Start of Block
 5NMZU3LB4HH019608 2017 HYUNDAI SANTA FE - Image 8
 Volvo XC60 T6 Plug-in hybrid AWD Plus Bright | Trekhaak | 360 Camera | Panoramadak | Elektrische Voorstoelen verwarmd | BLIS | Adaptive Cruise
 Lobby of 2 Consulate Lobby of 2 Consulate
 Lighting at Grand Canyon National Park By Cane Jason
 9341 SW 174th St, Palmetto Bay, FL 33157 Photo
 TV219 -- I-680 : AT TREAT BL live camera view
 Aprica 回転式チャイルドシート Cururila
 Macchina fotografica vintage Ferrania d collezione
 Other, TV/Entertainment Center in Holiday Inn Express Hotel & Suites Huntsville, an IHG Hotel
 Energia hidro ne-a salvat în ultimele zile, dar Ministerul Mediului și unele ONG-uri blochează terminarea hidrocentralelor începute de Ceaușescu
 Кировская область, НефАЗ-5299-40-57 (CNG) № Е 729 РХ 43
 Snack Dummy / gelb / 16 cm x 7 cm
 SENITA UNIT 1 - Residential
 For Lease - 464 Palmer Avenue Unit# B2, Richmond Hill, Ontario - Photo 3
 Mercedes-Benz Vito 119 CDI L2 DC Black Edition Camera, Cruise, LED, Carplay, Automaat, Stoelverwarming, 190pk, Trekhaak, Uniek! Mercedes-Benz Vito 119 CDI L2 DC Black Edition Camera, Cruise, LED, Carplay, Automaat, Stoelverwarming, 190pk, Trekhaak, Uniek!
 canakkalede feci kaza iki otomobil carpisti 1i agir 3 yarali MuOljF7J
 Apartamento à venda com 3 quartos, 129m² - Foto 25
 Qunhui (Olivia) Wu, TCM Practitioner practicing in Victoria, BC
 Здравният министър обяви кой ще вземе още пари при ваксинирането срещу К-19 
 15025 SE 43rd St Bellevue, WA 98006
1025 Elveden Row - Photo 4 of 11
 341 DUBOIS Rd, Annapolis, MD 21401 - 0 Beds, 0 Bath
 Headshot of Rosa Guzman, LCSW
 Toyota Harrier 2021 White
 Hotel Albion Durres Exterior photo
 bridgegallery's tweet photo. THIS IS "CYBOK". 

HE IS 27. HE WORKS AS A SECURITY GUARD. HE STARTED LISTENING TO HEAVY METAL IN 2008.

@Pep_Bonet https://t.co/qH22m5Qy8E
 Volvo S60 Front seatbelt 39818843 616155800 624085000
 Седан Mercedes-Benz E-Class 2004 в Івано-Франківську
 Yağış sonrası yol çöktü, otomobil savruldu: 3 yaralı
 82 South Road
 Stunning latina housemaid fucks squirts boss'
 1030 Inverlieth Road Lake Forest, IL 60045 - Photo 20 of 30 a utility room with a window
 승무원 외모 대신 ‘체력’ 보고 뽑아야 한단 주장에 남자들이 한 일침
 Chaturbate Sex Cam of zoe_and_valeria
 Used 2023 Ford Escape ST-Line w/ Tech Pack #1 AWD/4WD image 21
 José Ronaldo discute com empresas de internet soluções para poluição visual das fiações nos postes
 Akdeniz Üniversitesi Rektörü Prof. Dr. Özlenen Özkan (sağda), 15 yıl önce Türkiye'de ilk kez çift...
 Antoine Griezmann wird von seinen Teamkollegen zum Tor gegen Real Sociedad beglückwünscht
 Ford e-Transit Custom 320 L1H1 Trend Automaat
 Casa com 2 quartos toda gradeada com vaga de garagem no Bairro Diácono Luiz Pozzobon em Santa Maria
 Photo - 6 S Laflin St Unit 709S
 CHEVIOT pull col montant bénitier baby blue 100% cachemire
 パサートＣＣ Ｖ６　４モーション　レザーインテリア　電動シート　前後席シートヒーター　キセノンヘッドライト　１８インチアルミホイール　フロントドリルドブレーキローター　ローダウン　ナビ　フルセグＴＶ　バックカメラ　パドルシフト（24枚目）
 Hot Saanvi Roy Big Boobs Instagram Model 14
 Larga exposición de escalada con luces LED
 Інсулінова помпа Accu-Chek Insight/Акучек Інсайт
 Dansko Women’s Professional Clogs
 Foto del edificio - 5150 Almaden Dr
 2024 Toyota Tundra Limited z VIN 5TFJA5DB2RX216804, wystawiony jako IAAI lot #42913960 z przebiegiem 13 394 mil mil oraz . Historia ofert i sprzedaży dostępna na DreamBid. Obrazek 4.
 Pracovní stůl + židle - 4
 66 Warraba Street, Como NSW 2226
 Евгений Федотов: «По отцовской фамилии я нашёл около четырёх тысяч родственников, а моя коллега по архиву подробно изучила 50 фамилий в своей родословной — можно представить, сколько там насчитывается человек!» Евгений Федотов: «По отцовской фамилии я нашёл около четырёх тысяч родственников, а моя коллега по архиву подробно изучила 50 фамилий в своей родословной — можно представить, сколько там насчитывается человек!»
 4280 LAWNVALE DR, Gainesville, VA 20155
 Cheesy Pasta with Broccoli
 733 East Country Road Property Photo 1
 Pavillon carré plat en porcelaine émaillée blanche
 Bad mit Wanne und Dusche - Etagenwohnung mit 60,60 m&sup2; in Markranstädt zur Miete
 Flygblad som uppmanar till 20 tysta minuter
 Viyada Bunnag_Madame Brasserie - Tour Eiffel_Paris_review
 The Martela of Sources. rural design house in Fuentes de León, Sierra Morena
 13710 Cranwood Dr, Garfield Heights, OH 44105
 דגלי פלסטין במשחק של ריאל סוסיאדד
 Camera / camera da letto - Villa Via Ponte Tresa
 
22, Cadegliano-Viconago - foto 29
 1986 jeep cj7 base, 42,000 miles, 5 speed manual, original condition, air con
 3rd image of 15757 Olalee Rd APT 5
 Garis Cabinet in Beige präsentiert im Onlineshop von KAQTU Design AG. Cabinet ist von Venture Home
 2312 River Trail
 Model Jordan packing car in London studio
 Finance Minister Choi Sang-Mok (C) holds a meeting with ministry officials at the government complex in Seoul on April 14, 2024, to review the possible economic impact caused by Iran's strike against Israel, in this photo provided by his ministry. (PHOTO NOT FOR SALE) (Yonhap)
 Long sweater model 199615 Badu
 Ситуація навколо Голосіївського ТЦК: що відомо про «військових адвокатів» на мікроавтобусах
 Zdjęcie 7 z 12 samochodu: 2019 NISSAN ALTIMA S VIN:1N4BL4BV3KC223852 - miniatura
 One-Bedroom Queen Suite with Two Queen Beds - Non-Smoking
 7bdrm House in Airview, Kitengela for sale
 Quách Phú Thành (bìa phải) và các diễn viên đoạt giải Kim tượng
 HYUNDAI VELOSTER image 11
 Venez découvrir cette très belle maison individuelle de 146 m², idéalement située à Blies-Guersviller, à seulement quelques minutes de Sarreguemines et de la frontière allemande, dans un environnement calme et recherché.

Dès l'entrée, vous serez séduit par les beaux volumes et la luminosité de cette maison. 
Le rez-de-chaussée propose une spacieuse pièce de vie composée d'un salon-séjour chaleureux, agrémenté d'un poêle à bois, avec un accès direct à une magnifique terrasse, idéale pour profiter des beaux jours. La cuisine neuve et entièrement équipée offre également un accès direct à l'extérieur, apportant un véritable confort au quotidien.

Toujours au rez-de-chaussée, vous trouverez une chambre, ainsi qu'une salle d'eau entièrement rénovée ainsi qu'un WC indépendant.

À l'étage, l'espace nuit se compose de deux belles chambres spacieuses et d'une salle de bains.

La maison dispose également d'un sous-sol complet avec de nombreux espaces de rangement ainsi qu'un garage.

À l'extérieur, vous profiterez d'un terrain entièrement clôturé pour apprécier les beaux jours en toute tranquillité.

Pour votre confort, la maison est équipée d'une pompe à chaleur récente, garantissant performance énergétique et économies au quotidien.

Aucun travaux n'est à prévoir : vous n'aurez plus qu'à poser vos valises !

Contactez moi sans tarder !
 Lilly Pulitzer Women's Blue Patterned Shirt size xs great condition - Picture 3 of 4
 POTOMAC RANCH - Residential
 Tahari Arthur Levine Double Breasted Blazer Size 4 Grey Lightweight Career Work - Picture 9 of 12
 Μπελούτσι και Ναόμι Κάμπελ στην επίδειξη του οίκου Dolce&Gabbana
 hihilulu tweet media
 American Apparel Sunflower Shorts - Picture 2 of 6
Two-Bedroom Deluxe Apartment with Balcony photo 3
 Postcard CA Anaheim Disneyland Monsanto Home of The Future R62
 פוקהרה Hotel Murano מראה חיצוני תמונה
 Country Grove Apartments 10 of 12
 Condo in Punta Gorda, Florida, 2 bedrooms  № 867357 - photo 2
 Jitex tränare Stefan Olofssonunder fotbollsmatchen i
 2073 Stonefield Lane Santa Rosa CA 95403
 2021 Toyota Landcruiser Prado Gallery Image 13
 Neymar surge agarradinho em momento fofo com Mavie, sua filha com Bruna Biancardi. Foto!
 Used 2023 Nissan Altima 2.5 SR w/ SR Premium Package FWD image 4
End of Block
— Exercise objective —
The result is a copy of every line above where the word "Residential" shows up.

— Solution below —
 SENITA UNIT 1 - Residential
 POTOMAC RANCH - Residential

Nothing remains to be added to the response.